Assignment: All that is wanted is the exact text of each line from the one with "Enterprise Server 3.63" to the close of the listing, ends included.

Records for the exercise:
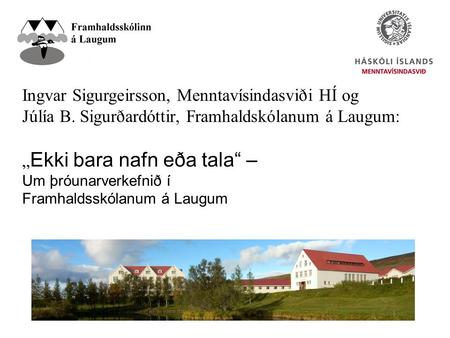 Ingvar Sigurgeirsson, Menntavísindasviði HÍ og Júlía B. Sigurðardóttir, Framhaldskólanum á Laugum: „ Ekki bara nafn eða tala“ – Um þróunarverkefnið í Framhaldsskólanum.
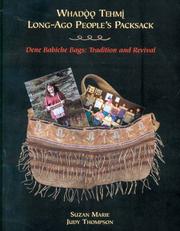 Cover of: Whadoo Tehmi: Long-Ago People's Packsack--Dene Babiche Bags: Tradition and Revival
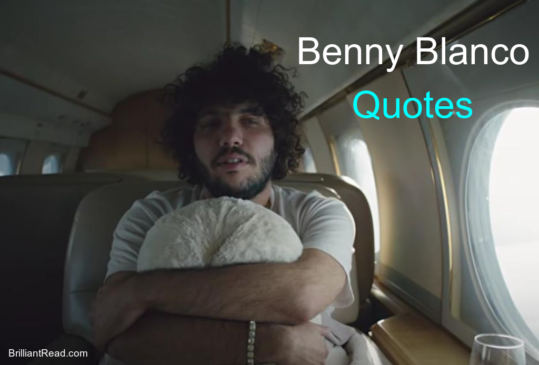 Best Benny Blanco Quotes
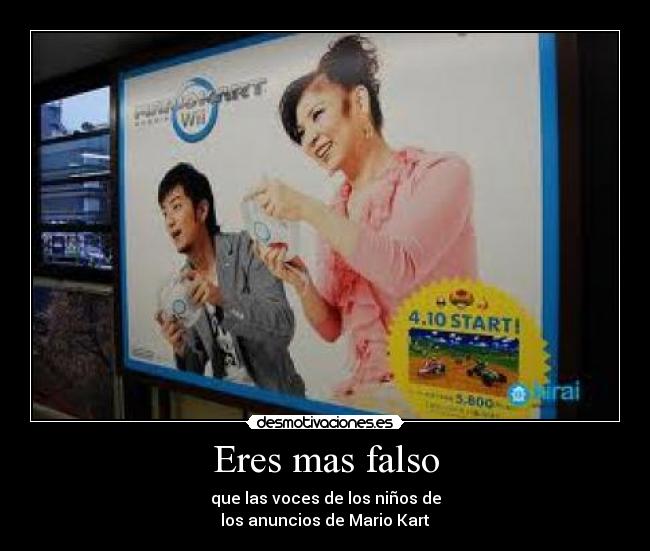Eres mas falso -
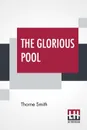 The Glorious Pool - Thorne Smith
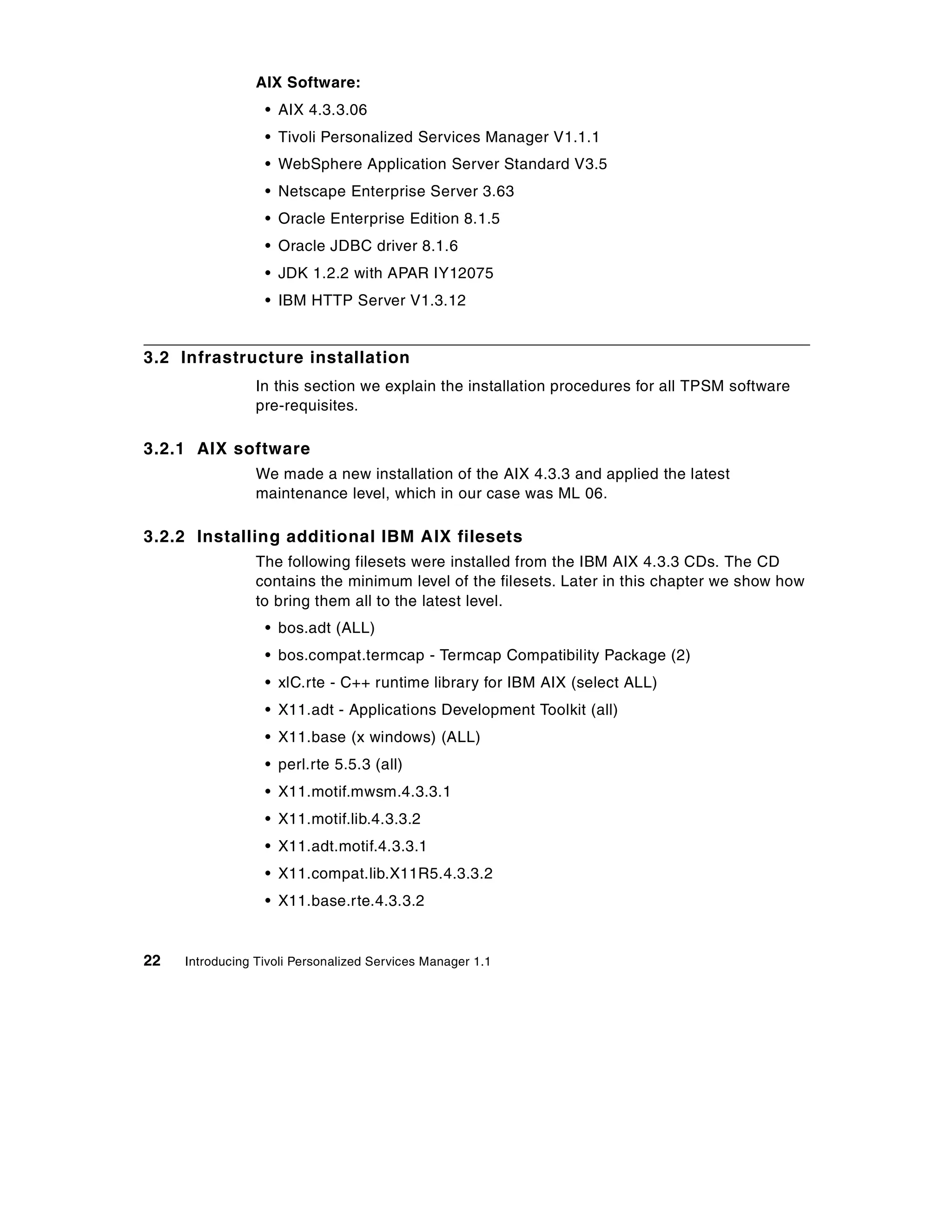 AIX Software:
                  • AIX 4.3.3.06
                  • Tivoli Personalized Services Manager V1.1.1
                  • WebSphere Application Server Standard V3.5
                  • Netscape Enterprise Server 3.63
                  • Oracle Enterprise Edition 8.1.5
                  • Oracle JDBC driver 8.1.6
                  • JDK 1.2.2 with APAR IY12075
                  • IBM HTTP Server V1.3.12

Problem solution:
                  • Netscape Enterprise Server 3.63
                  • Oracle Enterprise Edition 8.1.5
                  • Oracle JDBC driver 8.1.6
                  • JDK 1.2.2 with APAR IY12075
                  • IBM HTTP Server V1.3.12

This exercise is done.